▶ **Work instructions**:
Everything in the records should be repeated exactly.

== Segment start ==

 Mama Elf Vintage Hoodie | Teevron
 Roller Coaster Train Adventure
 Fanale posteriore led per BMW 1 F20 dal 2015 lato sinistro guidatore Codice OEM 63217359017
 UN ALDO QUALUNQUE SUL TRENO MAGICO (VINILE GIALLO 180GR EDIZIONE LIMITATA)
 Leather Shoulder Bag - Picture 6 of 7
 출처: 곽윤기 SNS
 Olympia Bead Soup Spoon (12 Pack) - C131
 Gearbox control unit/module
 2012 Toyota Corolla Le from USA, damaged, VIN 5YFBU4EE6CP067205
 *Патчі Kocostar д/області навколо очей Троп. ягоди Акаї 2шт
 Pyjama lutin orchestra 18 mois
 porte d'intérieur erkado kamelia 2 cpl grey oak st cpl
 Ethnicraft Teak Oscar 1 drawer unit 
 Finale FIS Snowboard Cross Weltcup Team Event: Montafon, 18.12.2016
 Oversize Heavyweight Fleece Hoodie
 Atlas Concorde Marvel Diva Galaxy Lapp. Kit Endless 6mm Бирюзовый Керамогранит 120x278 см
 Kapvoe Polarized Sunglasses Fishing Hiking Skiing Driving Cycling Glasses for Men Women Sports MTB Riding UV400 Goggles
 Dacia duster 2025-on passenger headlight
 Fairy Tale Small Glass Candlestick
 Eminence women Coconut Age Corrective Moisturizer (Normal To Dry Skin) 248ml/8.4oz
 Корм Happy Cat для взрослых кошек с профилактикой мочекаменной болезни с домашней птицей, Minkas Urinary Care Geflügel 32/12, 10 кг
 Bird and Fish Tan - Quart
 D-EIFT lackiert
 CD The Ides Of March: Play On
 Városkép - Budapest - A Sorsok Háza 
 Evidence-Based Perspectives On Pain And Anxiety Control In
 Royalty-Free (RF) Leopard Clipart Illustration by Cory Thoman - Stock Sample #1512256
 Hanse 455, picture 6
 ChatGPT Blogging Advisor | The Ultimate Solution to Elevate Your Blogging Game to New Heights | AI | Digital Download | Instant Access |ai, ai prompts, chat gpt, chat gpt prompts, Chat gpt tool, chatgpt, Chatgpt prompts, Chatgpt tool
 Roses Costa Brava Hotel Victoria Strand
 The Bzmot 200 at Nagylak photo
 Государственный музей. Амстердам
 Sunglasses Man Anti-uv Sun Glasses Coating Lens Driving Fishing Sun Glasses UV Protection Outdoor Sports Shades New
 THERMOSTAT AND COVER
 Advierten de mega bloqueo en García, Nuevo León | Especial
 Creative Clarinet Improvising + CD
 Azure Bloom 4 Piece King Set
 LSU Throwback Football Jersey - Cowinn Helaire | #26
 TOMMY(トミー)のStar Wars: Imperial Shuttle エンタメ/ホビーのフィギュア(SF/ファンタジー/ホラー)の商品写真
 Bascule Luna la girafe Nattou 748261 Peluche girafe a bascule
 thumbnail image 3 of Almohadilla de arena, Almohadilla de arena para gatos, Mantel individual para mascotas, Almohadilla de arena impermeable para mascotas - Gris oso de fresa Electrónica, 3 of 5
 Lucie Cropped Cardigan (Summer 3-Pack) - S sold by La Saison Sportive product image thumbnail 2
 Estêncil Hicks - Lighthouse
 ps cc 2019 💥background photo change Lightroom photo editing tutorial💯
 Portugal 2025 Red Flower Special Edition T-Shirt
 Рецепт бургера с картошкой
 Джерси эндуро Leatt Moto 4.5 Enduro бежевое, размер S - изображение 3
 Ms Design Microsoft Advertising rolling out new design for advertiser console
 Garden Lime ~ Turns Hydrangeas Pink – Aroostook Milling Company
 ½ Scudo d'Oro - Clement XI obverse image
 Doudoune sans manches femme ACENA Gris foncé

== Segment end ==

▶ **Written response**:
 Mama Elf Vintage Hoodie | Teevron
 Roller Coaster Train Adventure
 Fanale posteriore led per BMW 1 F20 dal 2015 lato sinistro guidatore Codice OEM 63217359017
 UN ALDO QUALUNQUE SUL TRENO MAGICO (VINILE GIALLO 180GR EDIZIONE LIMITATA)
 Leather Shoulder Bag - Picture 6 of 7
 출처: 곽윤기 SNS
 Olympia Bead Soup Spoon (12 Pack) - C131
 Gearbox control unit/module
 2012 Toyota Corolla Le from USA, damaged, VIN 5YFBU4EE6CP067205
 *Патчі Kocostar д/області навколо очей Троп. ягоди Акаї 2шт
 Pyjama lutin orchestra 18 mois
 porte d'intérieur erkado kamelia 2 cpl grey oak st cpl
 Ethnicraft Teak Oscar 1 drawer unit 
 Finale FIS Snowboard Cross Weltcup Team Event: Montafon, 18.12.2016
 Oversize Heavyweight Fleece Hoodie
 Atlas Concorde Marvel Diva Galaxy Lapp. Kit Endless 6mm Бирюзовый Керамогранит 120x278 см
 Kapvoe Polarized Sunglasses Fishing Hiking Skiing Driving Cycling Glasses for Men Women Sports MTB Riding UV400 Goggles
 Dacia duster 2025-on passenger headlight
 Fairy Tale Small Glass Candlestick
 Eminence women Coconut Age Corrective Moisturizer (Normal To Dry Skin) 248ml/8.4oz
 Корм Happy Cat для взрослых кошек с профилактикой мочекаменной болезни с домашней птицей, Minkas Urinary Care Geflügel 32/12, 10 кг
 Bird and Fish Tan - Quart
 D-EIFT lackiert
 CD The Ides Of March: Play On
 Városkép - Budapest - A Sorsok Háza 
 Evidence-Based Perspectives On Pain And Anxiety Control In
 Royalty-Free (RF) Leopard Clipart Illustration by Cory Thoman - Stock Sample #1512256
 Hanse 455, picture 6
 ChatGPT Blogging Advisor | The Ultimate Solution to Elevate Your Blogging Game to New Heights | AI | Digital Download | Instant Access |ai, ai prompts, chat gpt, chat gpt prompts, Chat gpt tool, chatgpt, Chatgpt prompts, Chatgpt tool
 Roses Costa Brava Hotel Victoria Strand
 The Bzmot 200 at Nagylak photo
 Государственный музей. Амстердам
 Sunglasses Man Anti-uv Sun Glasses Coating Lens Driving Fishing Sun Glasses UV Protection Outdoor Sports Shades New
 THERMOSTAT AND COVER
 Advierten de mega bloqueo en García, Nuevo León | Especial
 Creative Clarinet Improvising + CD
 Azure Bloom 4 Piece King Set
 LSU Throwback Football Jersey - Cowinn Helaire | #26
 TOMMY(トミー)のStar Wars: Imperial Shuttle エンタメ/ホビーのフィギュア(SF/ファンタジー/ホラー)の商品写真
 Bascule Luna la girafe Nattou 748261 Peluche girafe a bascule
 thumbnail image 3 of Almohadilla de arena, Almohadilla de arena para gatos, Mantel individual para mascotas, Almohadilla de arena impermeable para mascotas - Gris oso de fresa Electrónica, 3 of 5
 Lucie Cropped Cardigan (Summer 3-Pack) - S sold by La Saison Sportive product image thumbnail 2
 Estêncil Hicks - Lighthouse
 ps cc 2019 💥background photo change Lightroom photo editing tutorial💯
 Portugal 2025 Red Flower Special Edition T-Shirt
 Рецепт бургера с картошкой
 Джерси эндуро Leatt Moto 4.5 Enduro бежевое, размер S - изображение 3
 Ms Design Microsoft Advertising rolling out new design for advertiser console
 Garden Lime ~ Turns Hydrangeas Pink – Aroostook Milling Company
 ½ Scudo d'Oro - Clement XI obverse image
 Doudoune sans manches femme ACENA Gris foncé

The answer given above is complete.